### Dataset extract

--*--

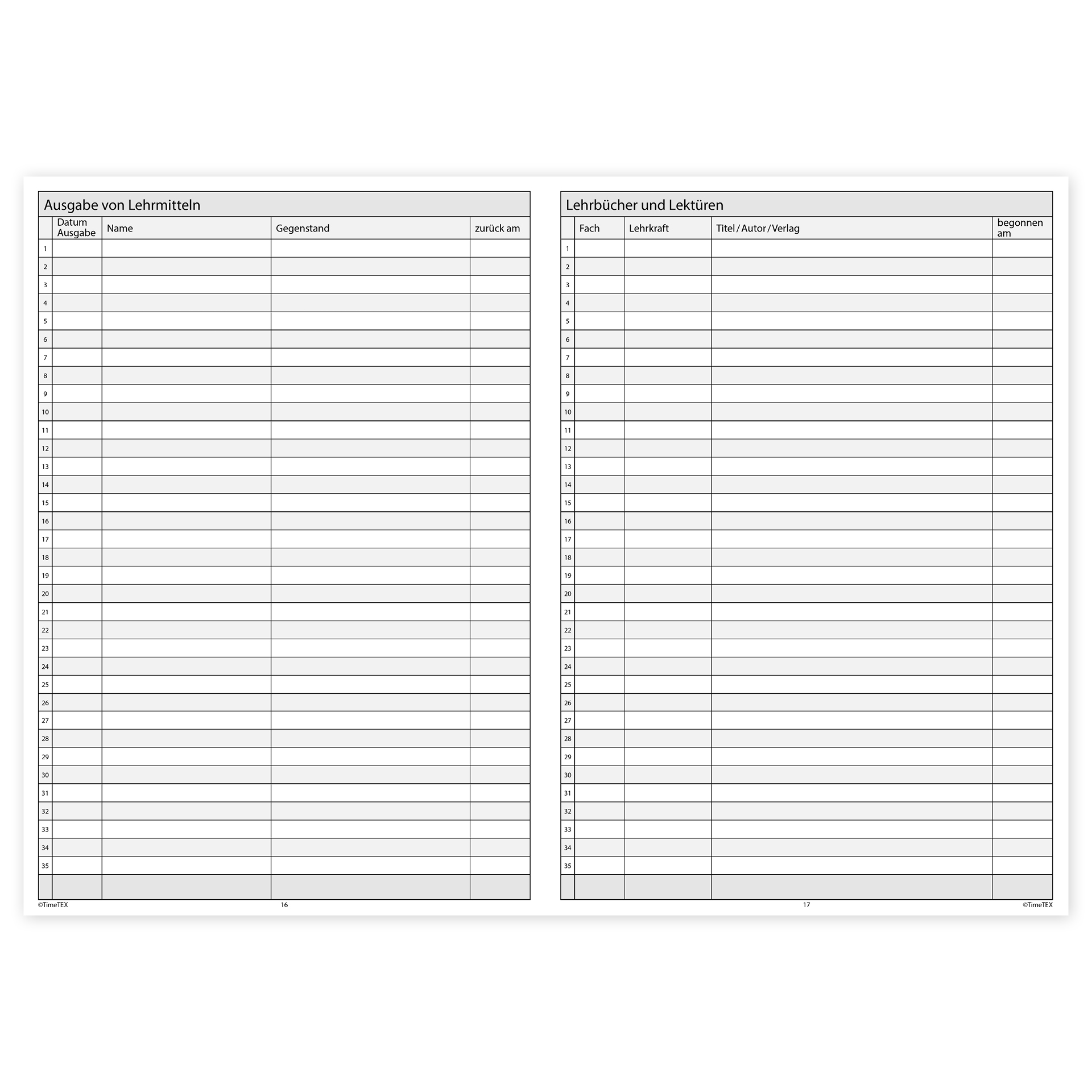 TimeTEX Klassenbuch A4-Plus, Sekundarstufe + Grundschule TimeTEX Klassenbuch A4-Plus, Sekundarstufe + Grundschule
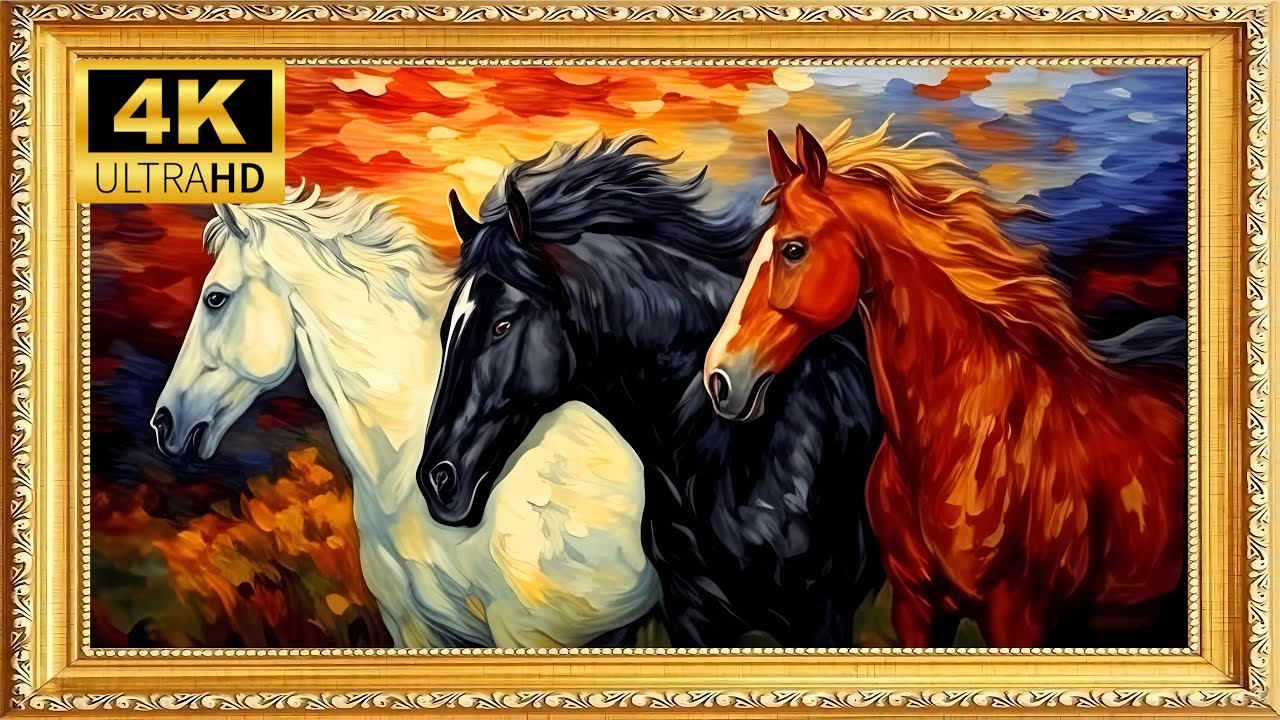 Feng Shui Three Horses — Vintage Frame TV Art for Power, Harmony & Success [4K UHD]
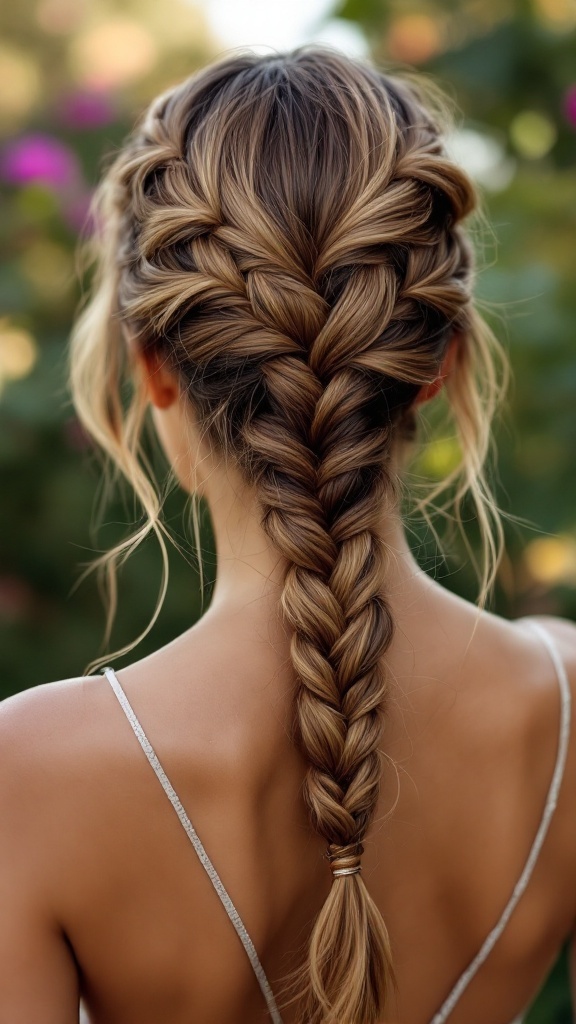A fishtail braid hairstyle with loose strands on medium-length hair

--*--

### Your objective
Output each line of the listing above, word for word, from the one holding "Feng Shui Three" through the last line, both included; omit the pictures.

### Your solution
 Feng Shui Three Horses — Vintage Frame TV Art for Power, Harmony & Success [4K UHD]
A fishtail braid hairstyle with loose strands on medium-length hair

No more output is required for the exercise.